Any member of the Board of Directors is eligible for a second term of an additional three years period. In no case any member of the Board of Directors will stay in charge for more than six years consecutively. After a time-out of at least three years, a member will be eligible for election again, depending on the membership status of his/her organisation.
All the Board of Directors’ members will bear the title of Vice-President. The Board of Directors will elect from amongst its Vice-Presidents a Treasurer and a Secretary.
The mandate of a member of the Board of Directors ends either at the end of his/her term, by death, resignation, dismissal or loss of legal capacity.
The Board of Directors will meet at least twice per year one of which must be in person convened by either the president or two other members of the Board of Directors.
A meeting of the Board of Directors may be held either in person or by suitable electronic or telegraphic means agreed by the Board of Directors in which all participants may communicate with all the other participants.
Its quorum in presence shall be of half of all its members.
In exceptional circumstances, the board of directors to be held “in person” may be held remotely.
Every issue may be determined by consensus normally, and if this is not possible by a simple majority of the votes cast at a meeting but a written or electronic resolution signed by all the members of the Board of Directors is as valid as a resolution passed at a meeting in person (and for this purpose the resolution may be contained in more than one document and will be treated as passed on the date of the last signature).

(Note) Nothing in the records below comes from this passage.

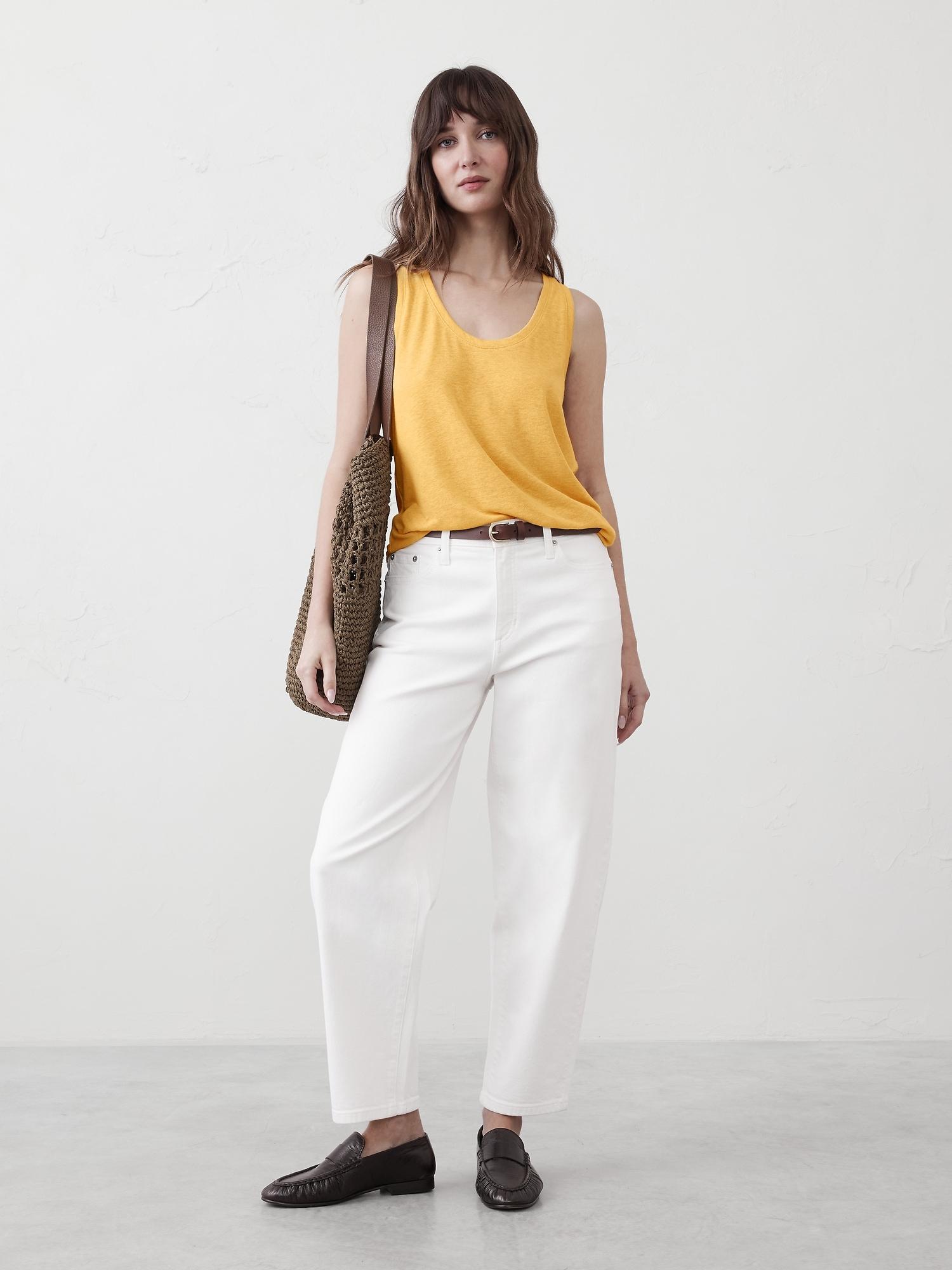 linen-blend tank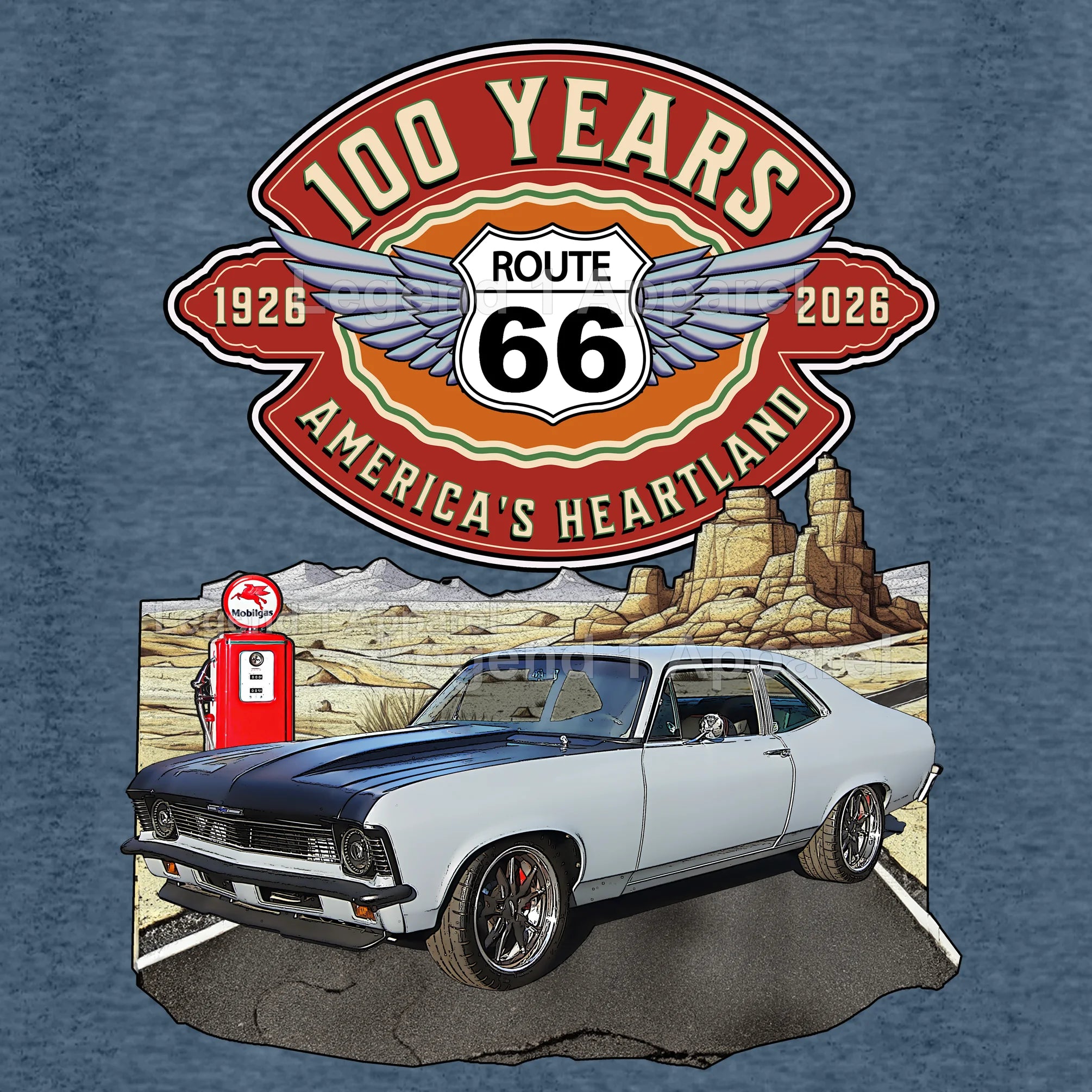 1972 Chevrolet Nova SS Classic Car Graphic Tee – Route 66 100 Years T-Shirt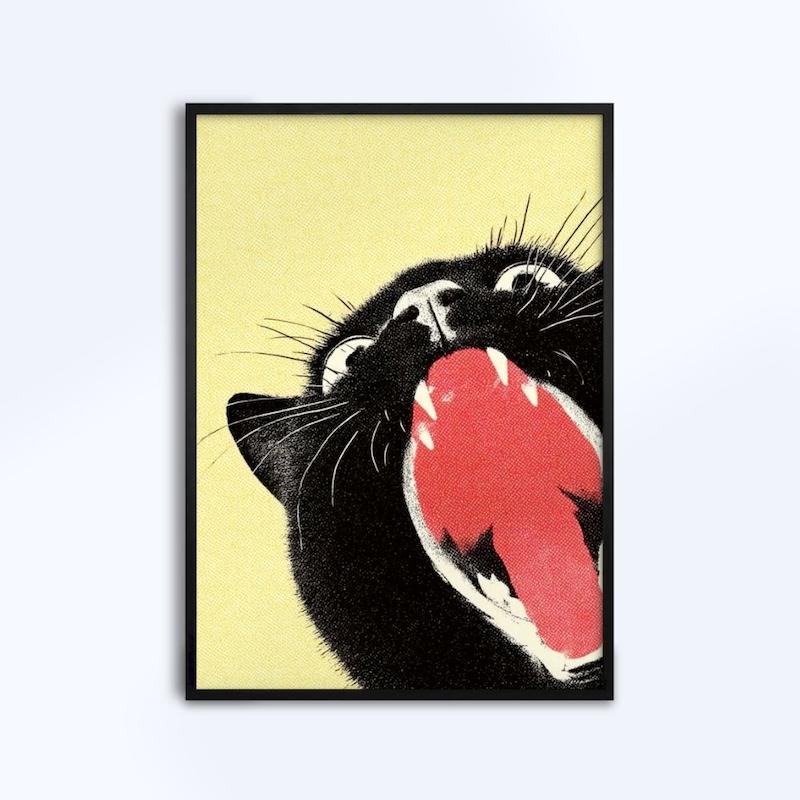 تابلوی طرح Yawning Black Cat کد 030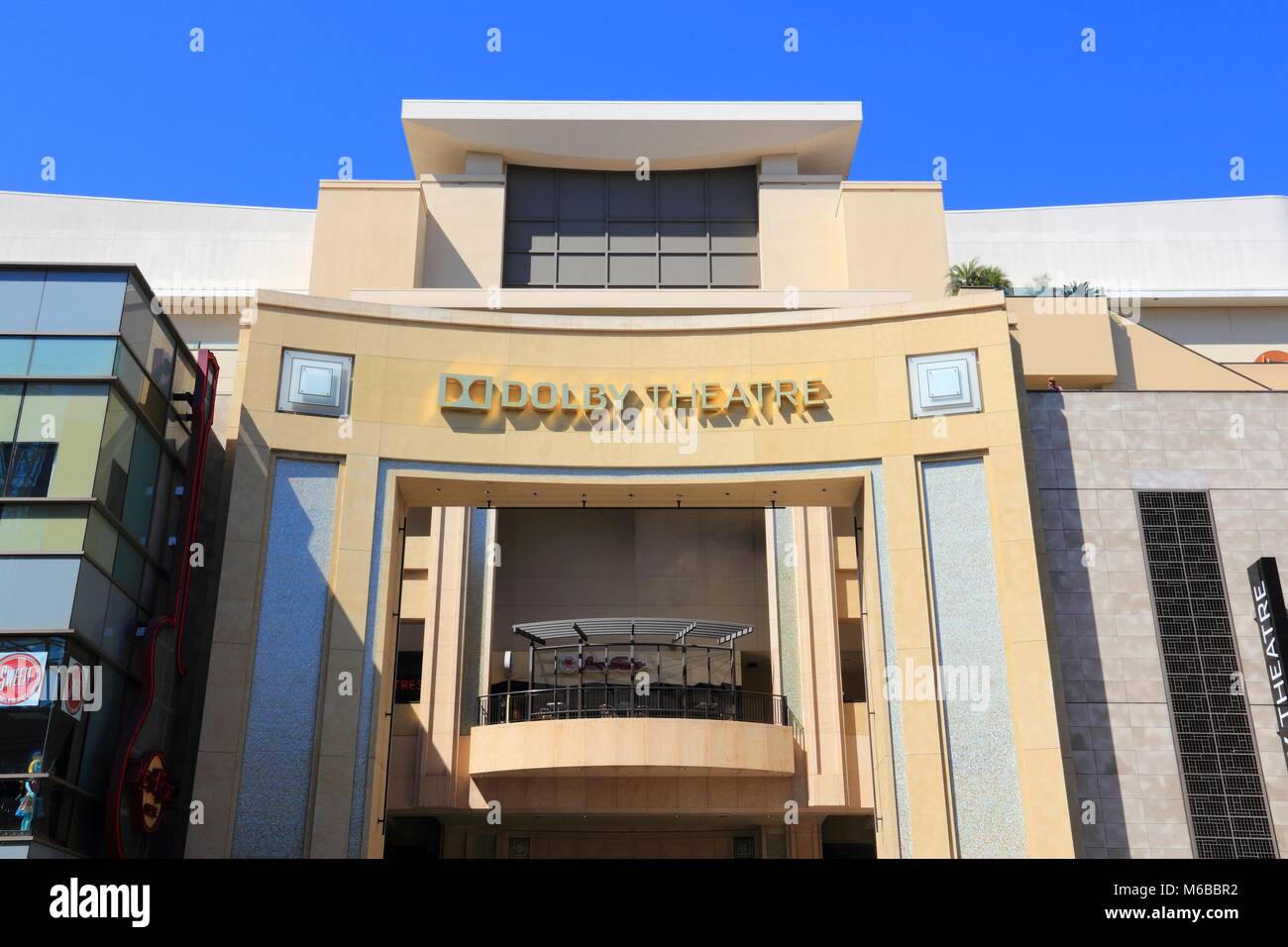 LOS ANGELES, USA - APRIL 5, 2014: Dolby Theatre in Hollywood. Formerly known as Kodak Theatre, it is the home of Academy Awards ceremonies. Stock Photo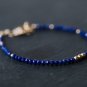 Lapis Lazuli Round 3mm Faceted beads adjustable stacking bracelet | STK-4210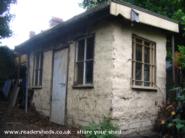 front view of shed - trombone shed, 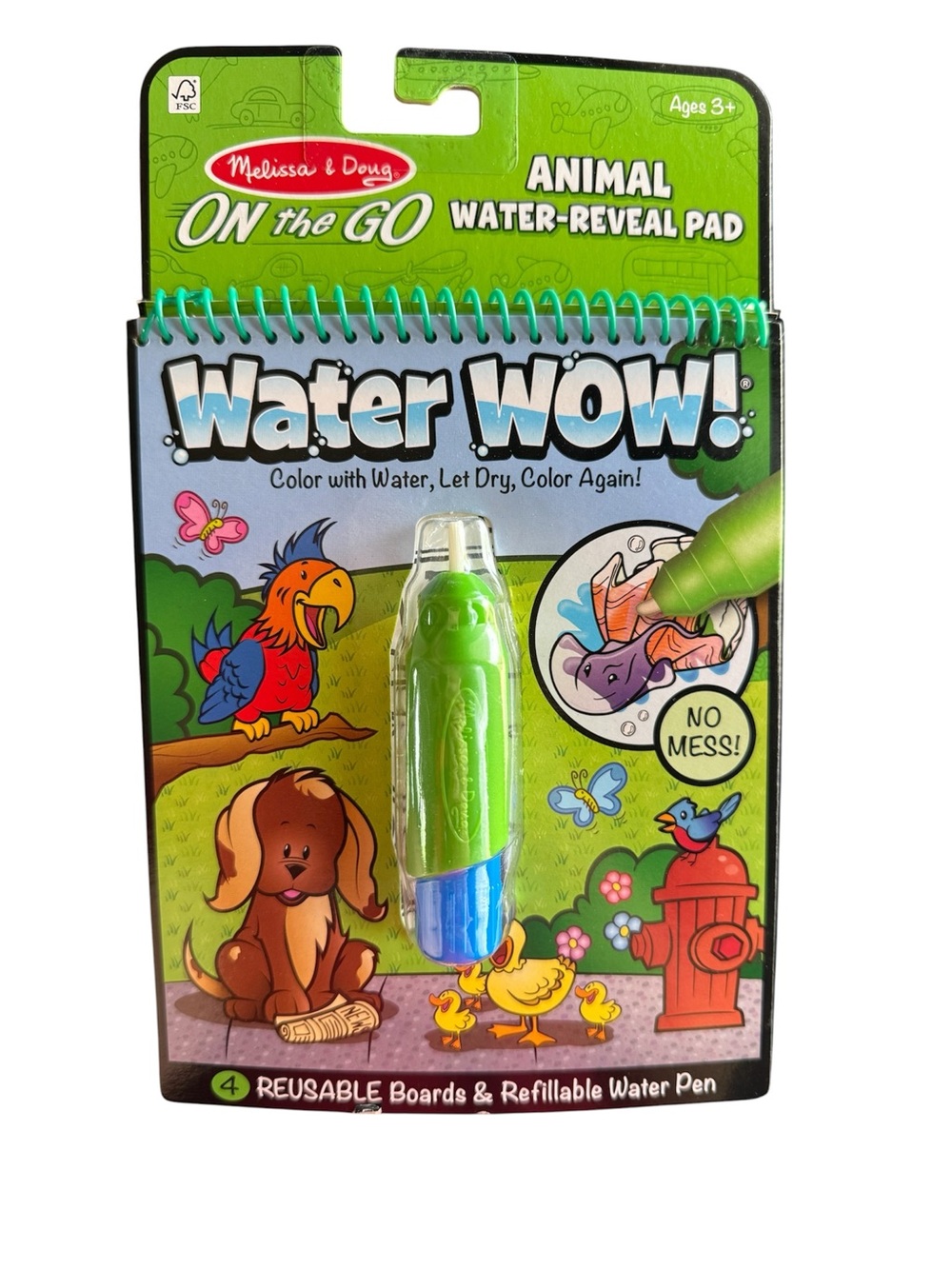 Melissa & Doug On The Go Water WOW! Reusable Animal Activity Pad No Mess 3+
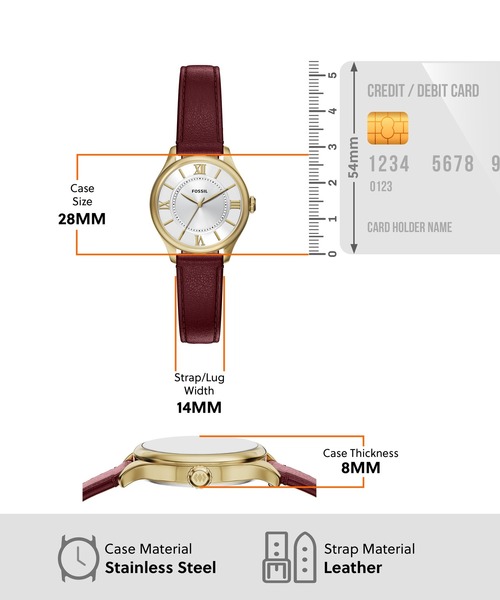 FOSSIL(フォッシル)の「フォッシル 腕時計 レディース アナログ レザー ES5510(アナログ腕時計・レディース・レッド・FREE)」の5枚目の写真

Should two Board of Directors’ members exercise a veto on a written or electronic decision then the Board of Directors must meet in person or have a conference call through an appropriate digital means.
A procedural defect of which the Board of Directors are unaware at the time does not invalidate decisions taken at a meeting.
The Board of Directors shall have the necessary powers to administer and manage the Association, subject to those matters reserved to the General Assembly.
Matters which are the particular responsibility of the Board of Directors include:
- summoning the General Assembly;
- organisation of the Association;
- drawing up any necessary internal rules;
- collection of Membership Fees and the acceptance of legacies, gifts, donations, etc;
- drawing up the Annual Report and Accounts for presentation to the General Assembly;
- establishment of appropriate committees or working groups
- proposal to the GA of special appointments of distinguished members and/or individuals to special charges. These charges and the relevant description of their roles will be detailed in the internal rules.
- representing EPA and signing agreements on behalf of the association
- hiring and dismissal of staff
All agreements which commit EPA will be signed by at least two members of the Board of Directors, nominated by the Board of Directors for that purpose.
In case some commitments are due to be signed by one responsible person only (normally the President) in representation of EPA, the Board of Directors will authorise the aforementioned person on a separate sheet or by Board of Directors decision.
The Board of Directors may, for a time or in general way, delegate some or all of its powers to one or several of its members.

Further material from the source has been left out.